#### [DIRECTIONS]
Which lines run from the line with "茶点植物水木本底的绿茶杯热背景图片" through the line with "A lonely bench" in the entries below? Print them exactly, both ends included, and nothing more.

#### [DATA FOR REVIEW]

◆ ◆ ◆ ◆ ◆ ◆ ◆

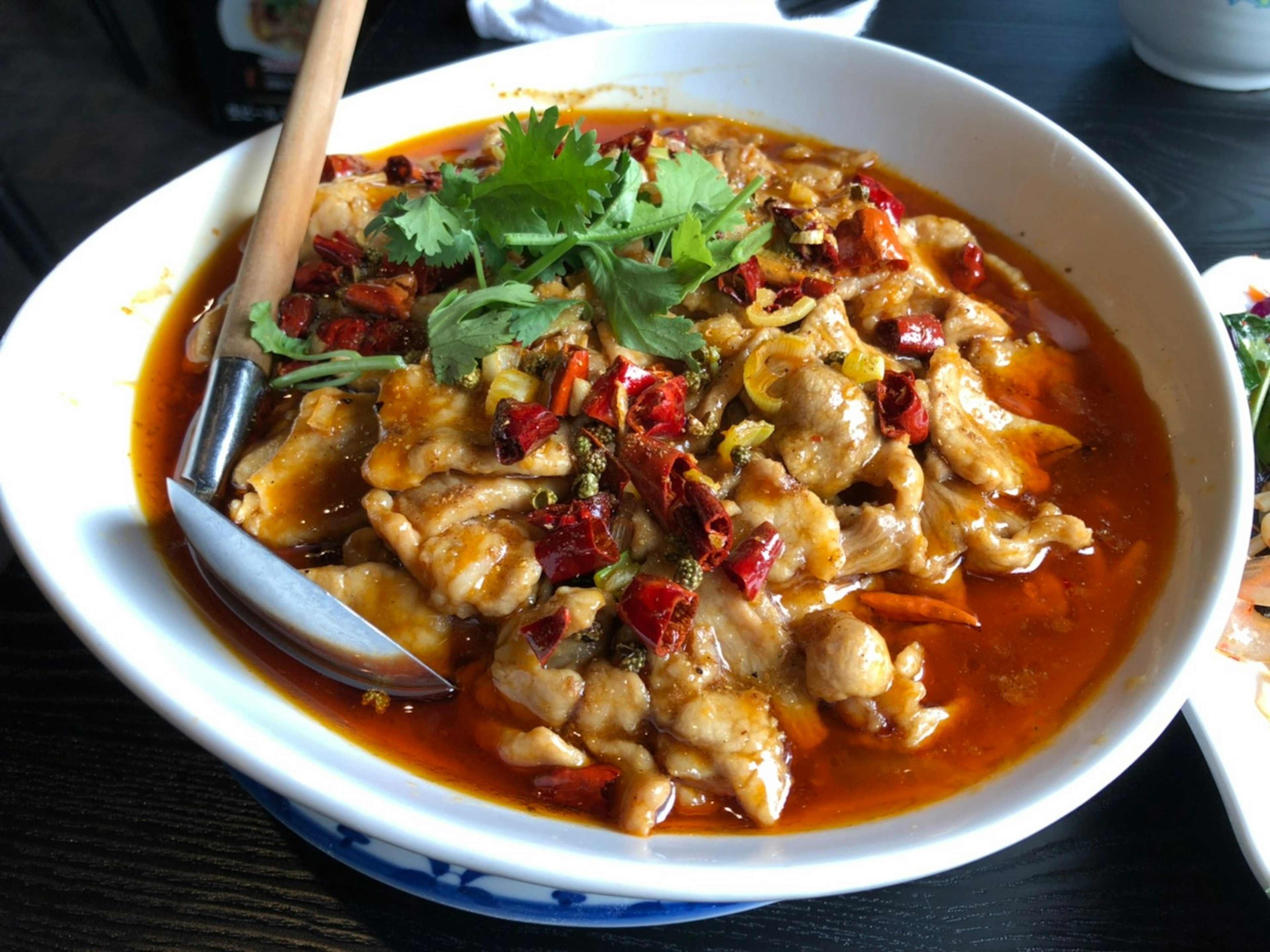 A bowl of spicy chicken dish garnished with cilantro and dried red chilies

◆ ◆ ◆ ◆ ◆ ◆ ◆

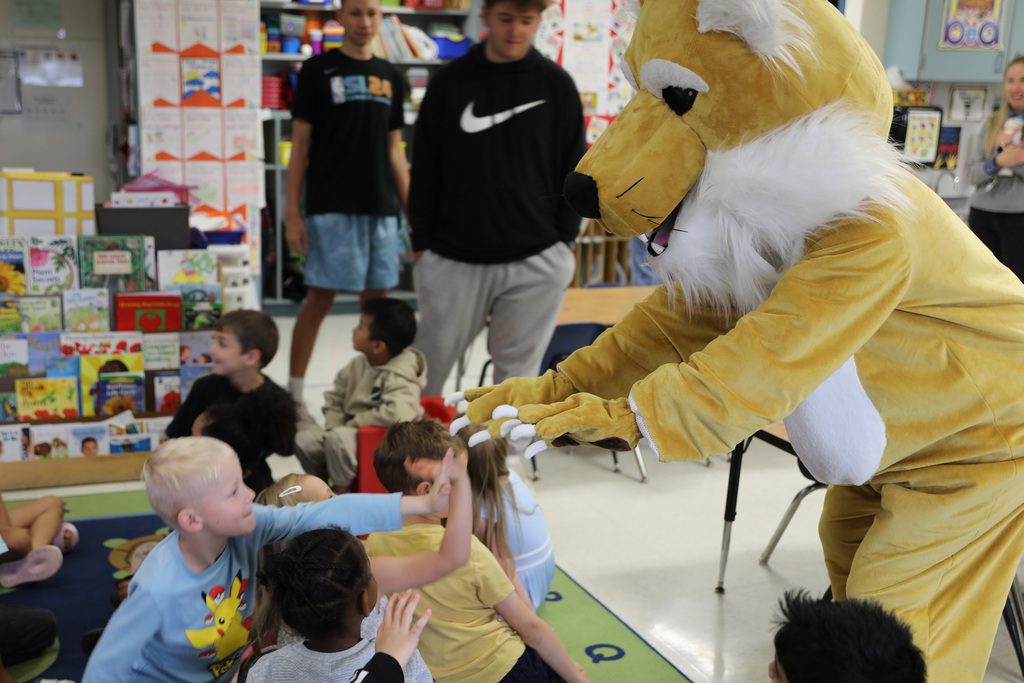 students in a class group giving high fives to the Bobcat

◆ ◆ ◆ ◆ ◆ ◆ ◆

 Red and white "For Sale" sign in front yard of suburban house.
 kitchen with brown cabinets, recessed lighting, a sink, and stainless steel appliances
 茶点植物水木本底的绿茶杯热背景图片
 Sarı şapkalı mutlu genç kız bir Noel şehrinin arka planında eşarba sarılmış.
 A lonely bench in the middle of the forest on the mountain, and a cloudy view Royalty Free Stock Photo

◆ ◆ ◆ ◆ ◆ ◆ ◆

#### [ANSWER SECTION]
 茶点植物水木本底的绿茶杯热背景图片
 Sarı şapkalı mutlu genç kız bir Noel şehrinin arka planında eşarba sarılmış.
 A lonely bench in the middle of the forest on the mountain, and a cloudy view Royalty Free Stock Photo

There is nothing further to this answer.